When most people hear the name Monica Lewinsky, they think of one word, and it’s not
handbag. Similarly, when the subject of kilts comes up these days, it inevitably conjures the legend that Scotsmen traditionally don’t wear anything underneath. Canadian actor-turned-playwright
Jonathan Wilson clearly had the association of skirt-over-naked-penis in mind when he titled his new play
Kilt.
The show, which had a successful run in Toronto in 1999 and is currently having a commercial run off-Broadway, cleverly aims to capture not one but two niche markets: connoisseurs of live male nudity and those who get teary-eyed at the sound of bagpipes and the sight of tartan. And the play itself capitalizes on the collision of those two cultures.

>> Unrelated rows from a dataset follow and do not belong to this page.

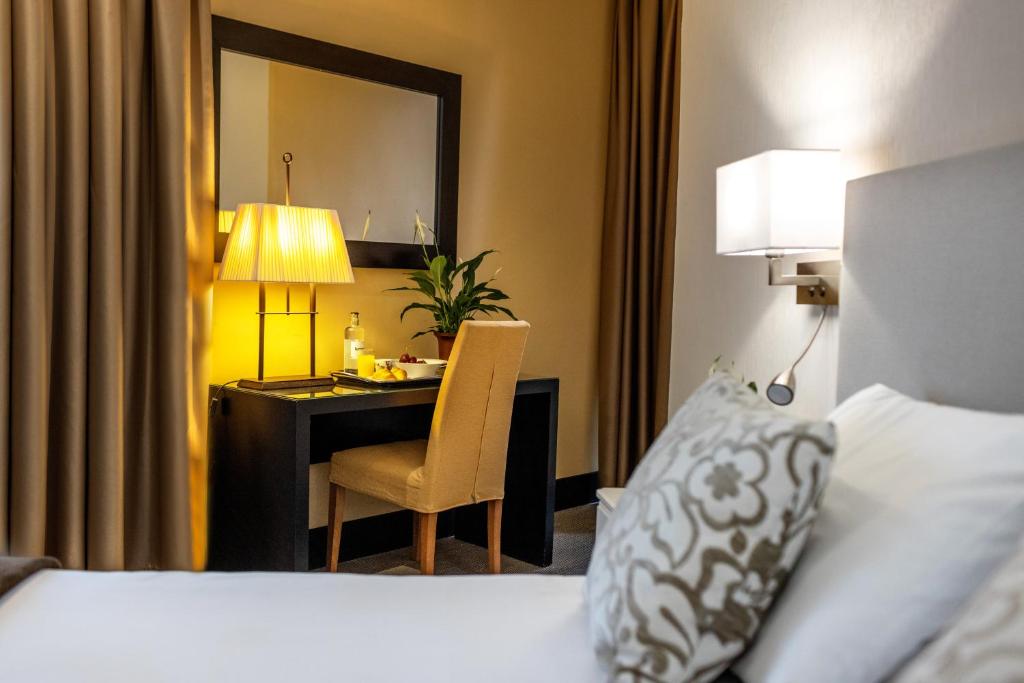 Postel nebo postele na pokoji v ubytování Hotel Monasterio Benedictino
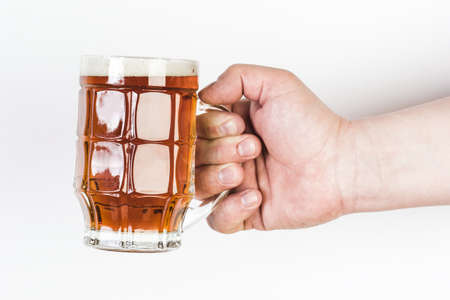 A glass of beer in a hand isolated on white background.の写真素材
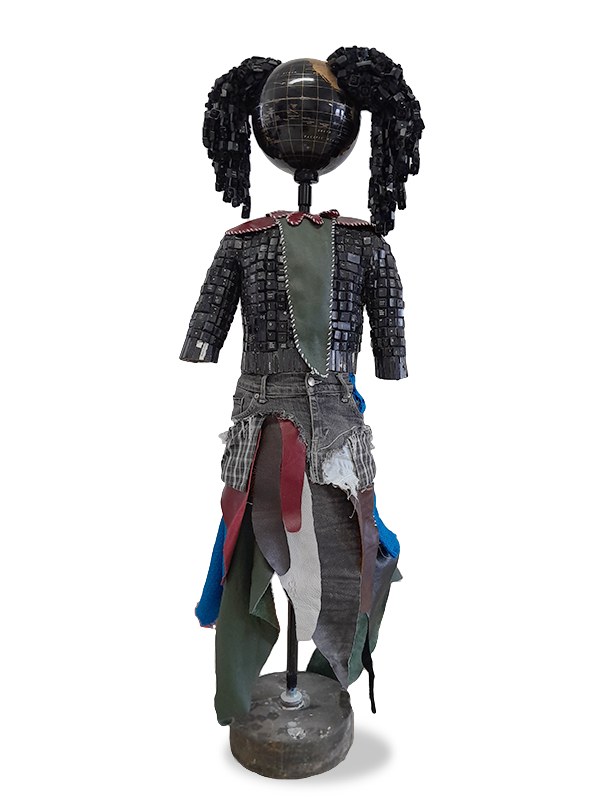 Maurice Mbikayi sculpture: Girl with a Leather Toy 1, a figure with a globe head and keyboard-key hair wearing denim and leather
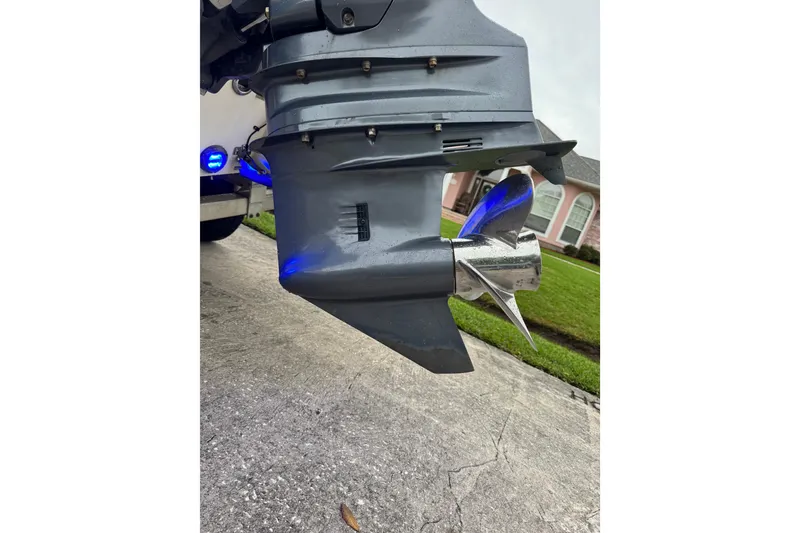 Slide: The Image of 2017 Robalo R200 Center Console boat propeller with blue lighting on driveway. - 13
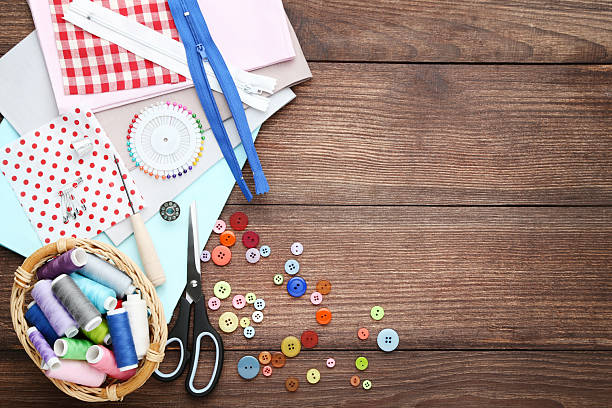 istock Sewing accessories on brown wooden table 2216787260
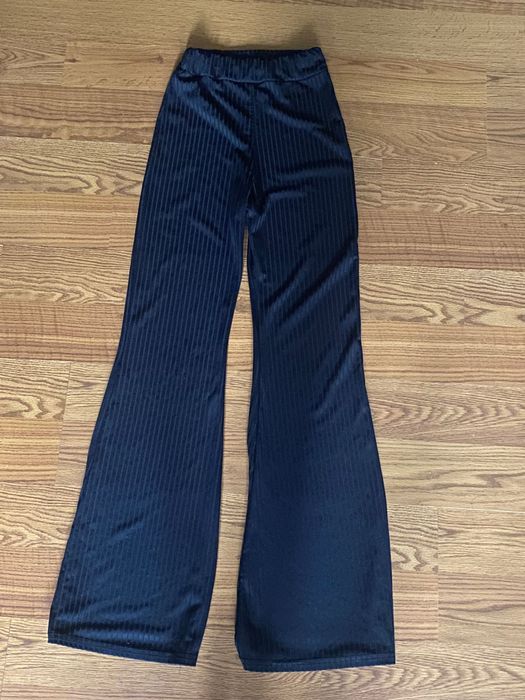 Штаны клеш в рубчик женские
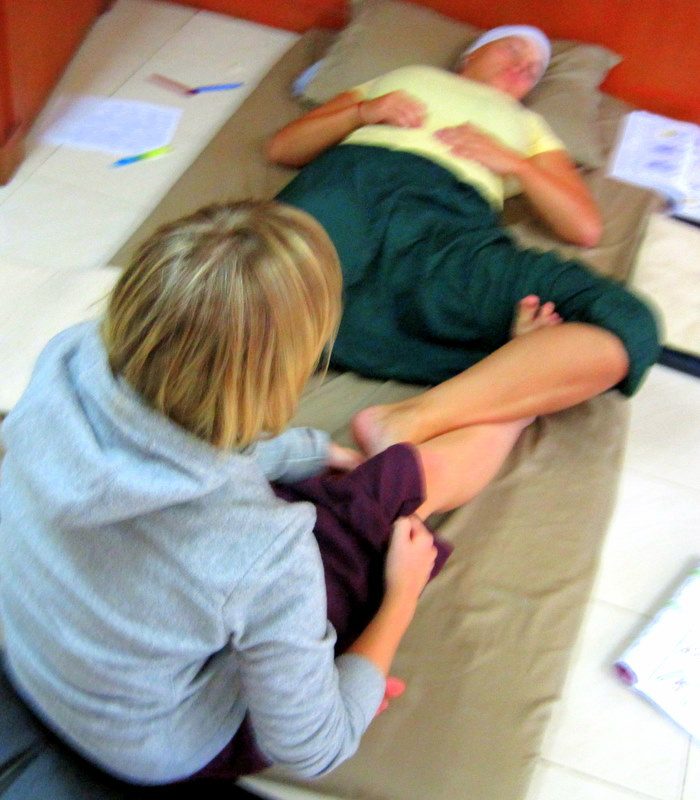 Leg positioning in Thai Massage.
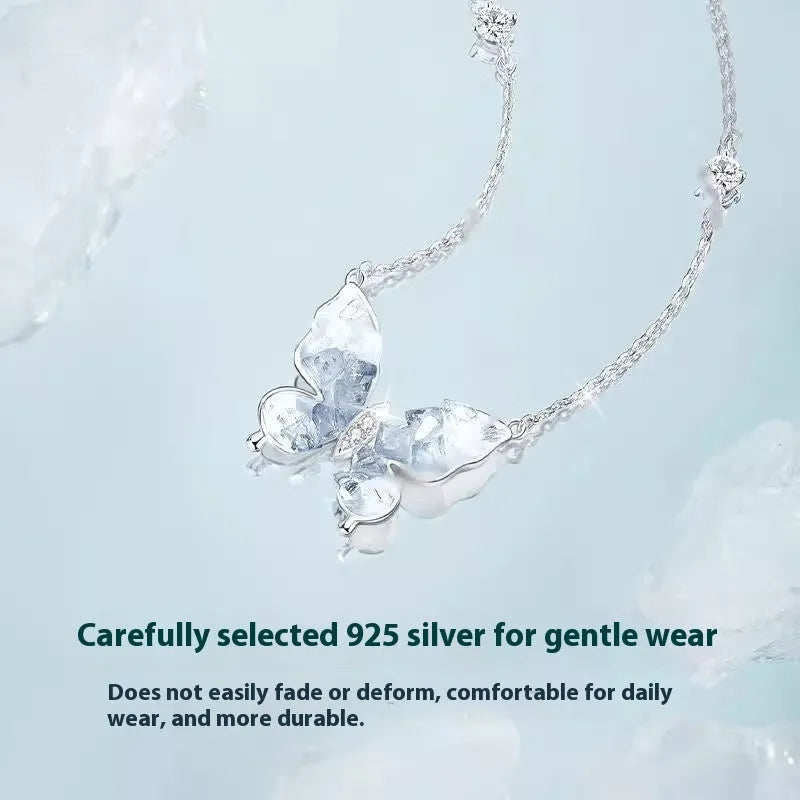 Close-up of a silver Bingyu butterfly pendant necklace on an adjustable O-ring chain.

Esther Robertson (Tovah Feldshuh) is a Scottish immigrant who teaches Highland dance in a minimall in Hamilton, Ont., though her job security is threatened by Canadian multiculturalism. “I may have to close the school,” she laments. “Everyone’s gone Irish on me.” Her son, Tom (Chris Payne Gilbert), used to be her prize pupil until (a) he
came out and (b) he got sick of her tyrannical enforcement of the strict traditions of the dance form (no smiling, no personal expression). Now he’s an exotic entertainer at a gay bar, and his gimmick is that he dances in and eventually out of the kilt previously worn by his grandfather. When the call comes that the grandfather has died, Esther drags Tom back to Glasgow to pay respects. Flashback scenes depict the grandfather, Mac (also played by Gilbert), conducting a
discreet affair with an officer while stationed in the North African desert during World War II. Past and present come together at the funeral when Mac’s elderly ex-lover, David (Herb Foster), shows up to teach Tom that his generation didn’t invent homosexuality.

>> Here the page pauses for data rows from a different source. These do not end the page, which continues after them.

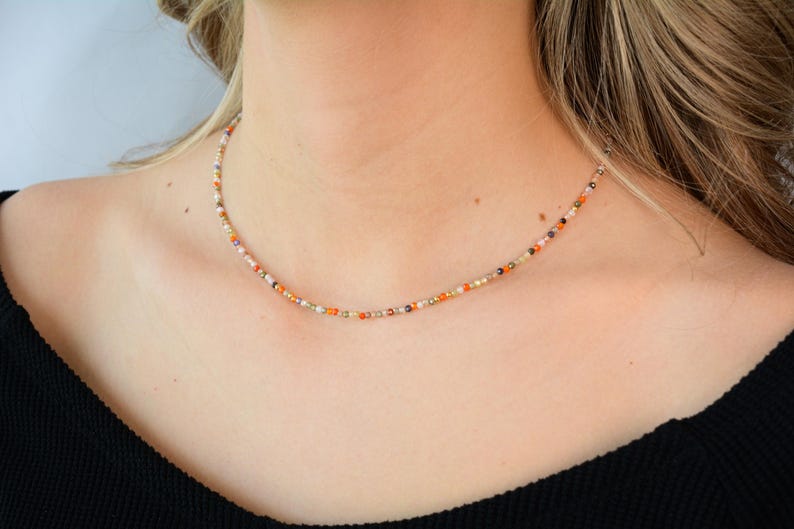 Puede incluir: Un delicado collar choker hecho con peque&ntilde;as cuentas de colores en tonos naranja, blanco y marr&oacute;n.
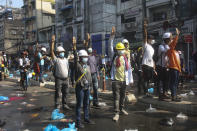 Protesters wearing safety helmets shout slogans and flash three-finger salutes during an anti-coup protest behind a barrier on a blocked road in Yangon, Myanmar, Tuesday, March 2, 2021. Demonstrators in Myanmar took to the streets again on Tuesday to protest last month’s seizure of power by the military, as foreign ministers from Southeast Asian countries prepared to meet to discuss the political crisis. Police in Yangon, Myanmar's biggest city, used tear gas against the protesters. (AP Photo)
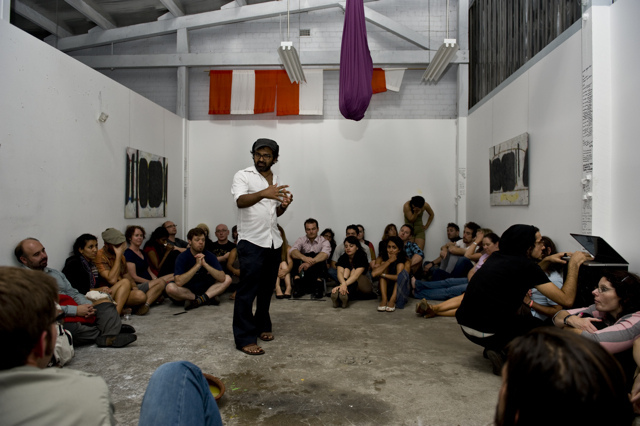Desh speaking at an arts event Gishiki 25, in February 2012 (Photo: Ondru Arts) 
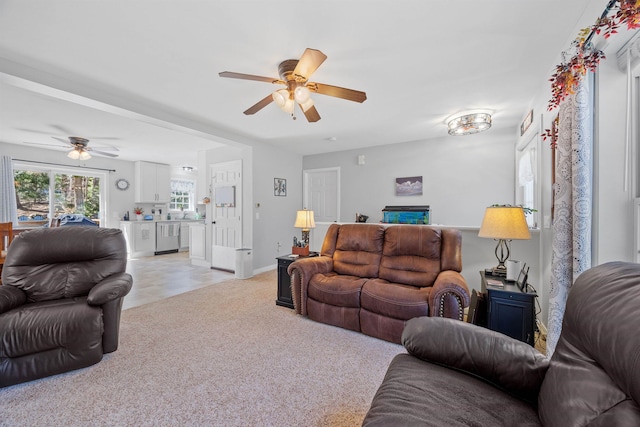 living room featuring baseboards, ceiling fan, and light carpet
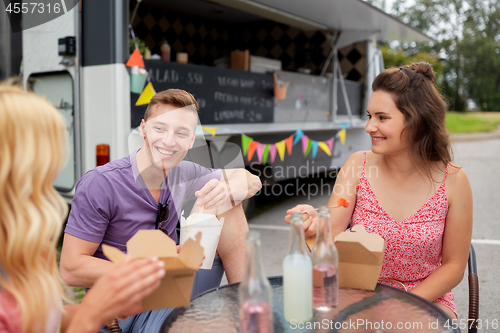 Image of happy friends with drinks eating at food truck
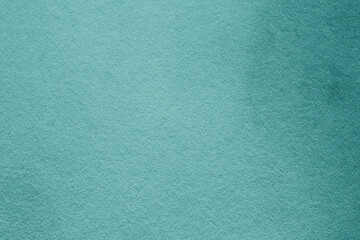 green paper surface with grainy texture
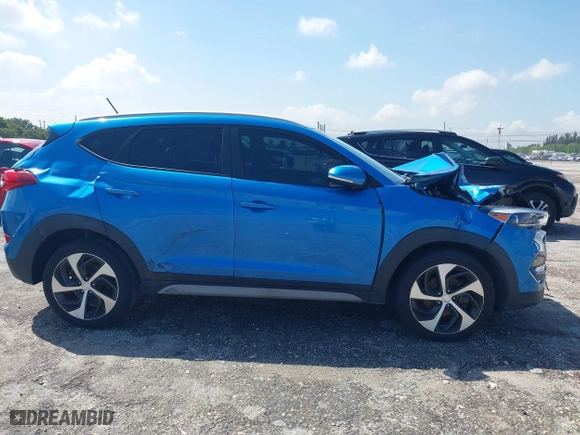 2017 Hyundai Tucson Value with VIN KM8J33A23HU540472, listed as a IAAI auction lot 41935056 with 58,937 mi miles. Bid and sale history available at carsss.com. Image 13.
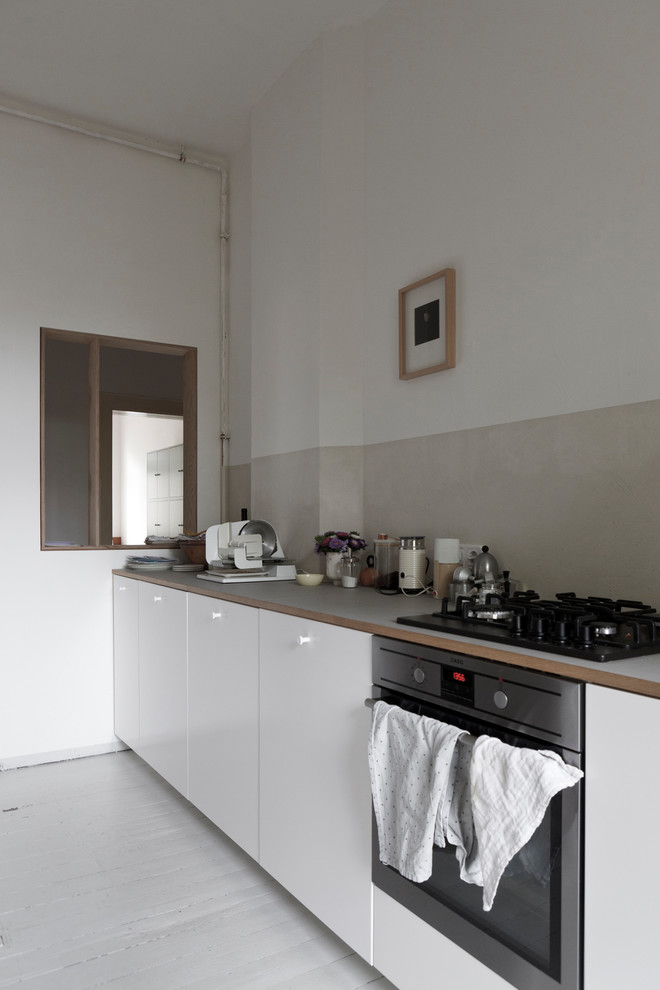 Small danish galley medium tone wood floor and gray floor enclosed kitchen photo in Leipzig with an undermount sink, flat-panel cabinets, white cabinets, gray backsplash, limestone backsplash, stainless steel appliances and no island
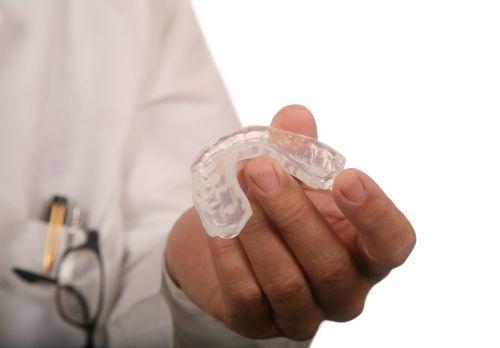 patient holding clear plastic aligner | snoring treatment cary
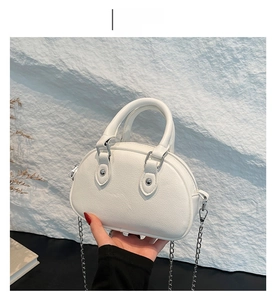 Détail du sac coquillage en cuir grainé blanc avec chaîne argentée et rivets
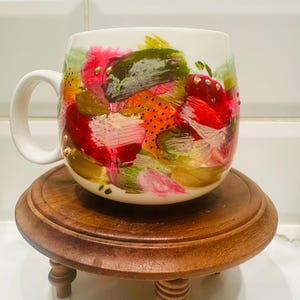 May include: A white ceramic mug with a colourful abstract design in red, pink, green, and orange. The mug is decorated with gold accents and sits on a small, round, wooden stand with four legs.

This is the type of commercial comedy whose corny jokes and formulaic plotting have never interfered with its popularity. It’s been a staple of gay drama since Stonewall, from
Norman, Is That You? up through The Sum of Us and
Visiting Mr. Green, though Kilt is updated to an age when PFLAG hangs posters at the small-town A&P. From
the minute Tom takes the stage for his nightclub act, you know Mom’s going to walk in just when he flashes the merchandise. Her starchy outrage and his flamboyant defiance become tiresomely predictable, and we guess the family secrets long before they get exposed. Luckily, the
secondary characters of David and Esther’s sister Mary
(Kathleen Doyle) repeatedly upend expectations, with both comic and dramatic benefits.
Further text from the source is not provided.